With no income, and uncertainty over when the government would allow them to reopen, Beale and Haynes had to let their only full-time staff member go. Their landlord, meanwhile, was initially reluctant to offer a rebate, but they eventually secured a “minor rent reduction” for three months that Beale says was “extremely hard-fought”.
This still left a sizable shortfall, so to enhance their chances of survival they launched a crowdfunding campaign among The Aftermath community. Under the scheme, anyone who bought vouchers during the closure period would get 20 per cent extra credit free to spend at the bar once the venue reopened. For example, a HK$500 voucher equalled HK$600 in “Aftermath Cash.”
“It was more successful than I thought,” says Beale. “Seeing how much so many people loved The Aftermath got us through this dark period, not just financially, but also purposefully. At some points we weren’t sure if we’d ever reopen, but to have that kind of support behind us really helped, people messaging all the time saying ‘we love the place, please don’t close!’ Some people even said they didn’t want the extra credit, and to take it as a donation. Once people begin to worry about losing something, they really feel how much it means to have it.”

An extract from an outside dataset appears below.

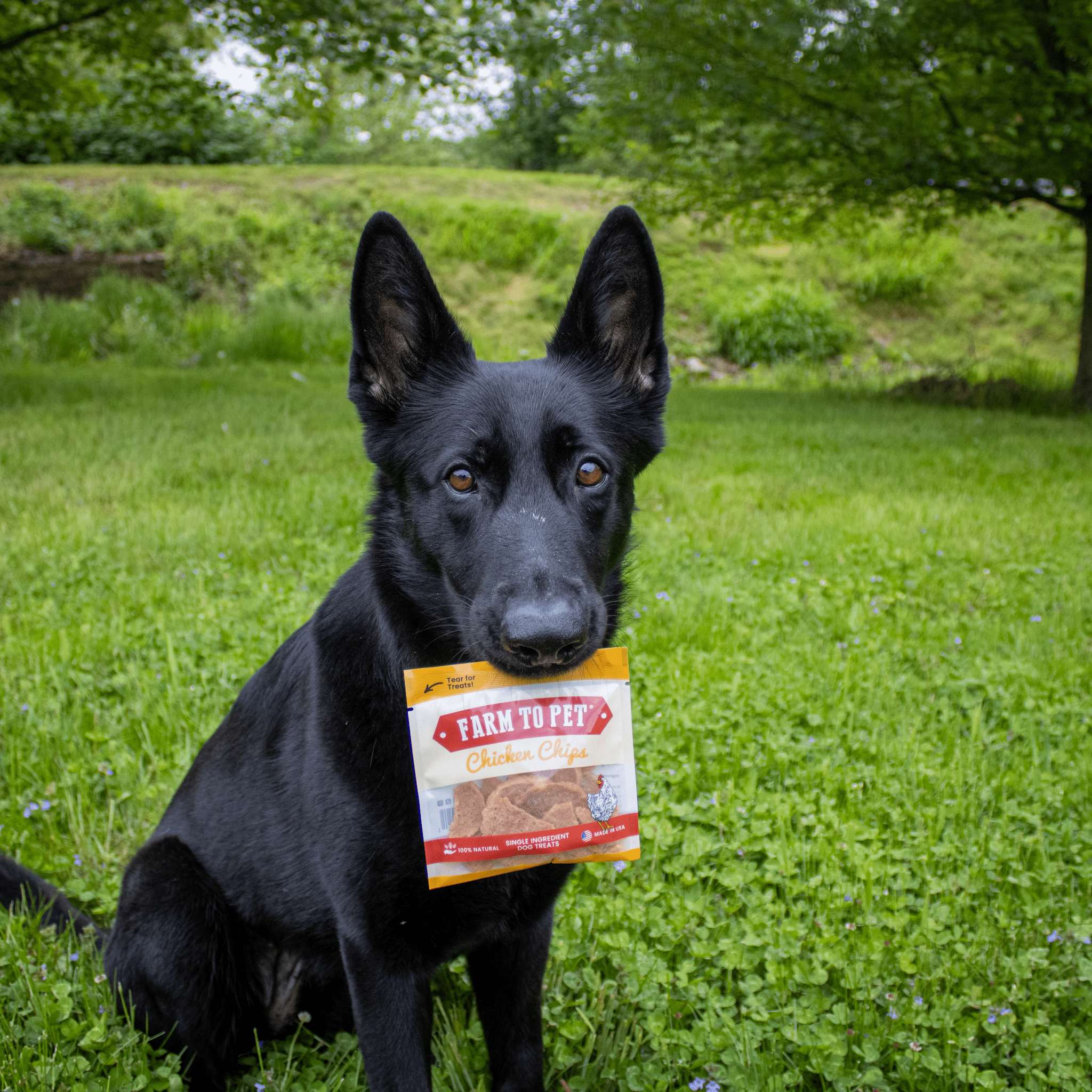 Black dog holding a Farm to Pet chicken chips dog treat bag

Despite the government giving the green light for bars and entertainment venues to reopen on May 8, things have remained challenging for The Aftermath. Live performances and dancing are still banned, and social distancing restrictions remain in place. What is usually a free-standing area in front of the stage has been filled with small tables spaced 1.5 metres apart, and the performance schedule has been limited to DJs, stand-up comedy and quizzes. Standard measures such as temperature checks, health declaration forms and hand sanitising are also in place.
Nevertheless, Beale is upbeat. “A lot of our Aftermath community have come back, and there are more who are itching to come back but are perhaps just waiting for the right time. It’s been wonderful to open the bar and have so many of our community come through immediately to support us, to be here and to have a good time.”
Unfortunately for The Aftermath, which operates as a private members club that anyone is welcome to join, the venue is not eligible for any support from the government under the Anti-epidemic Fund. “The government is a very tricky beast,” says Beale, “and that can be challenging when you’re a grassroots organisation. The arts funding, where you can get HK$15,000 per art event cancelled, only went to government-funded organisations or organisers. So, if you did anything through the government or the Jockey Club, then you could apply and possibly get this funding. But if you did it on your own or at grassroots level, there was no funding.”
From Beale’s perspective, this is an area where there is significant room for improvement. “I think in general the government could do more to support arts at grassroots level – independent artists and organisers and curators outside of just the Jockey Club and the Arts Development Council, she says. “In terms of funding, the best support for The Aftermath would be to fund grassroots artists who in turn could use the money for doing shows in our space.”
Without such support, Beale believes the longer-term implications of the pandemic on the independent music and arts community could be dire. “I think the biggest impact is not so much the restrictions, but how hollowed out the businesses have been. The more people who’ve been out of work and realise their industry can’t support them during this kind of time, I think a lot of people are going to start going where they’re guaranteed a salary. We are going to have a drain in the arts community. In the music industry you have tour agents or managers who are sitting out of work not making any money, and they need to pay their bills, so they’re going to look for other work. People who are dreaming of becoming full-time musicians and even small part-time gigs – people who play in hotels, session musicians – all their work is gone. I think that’s going to be the greatest impact.”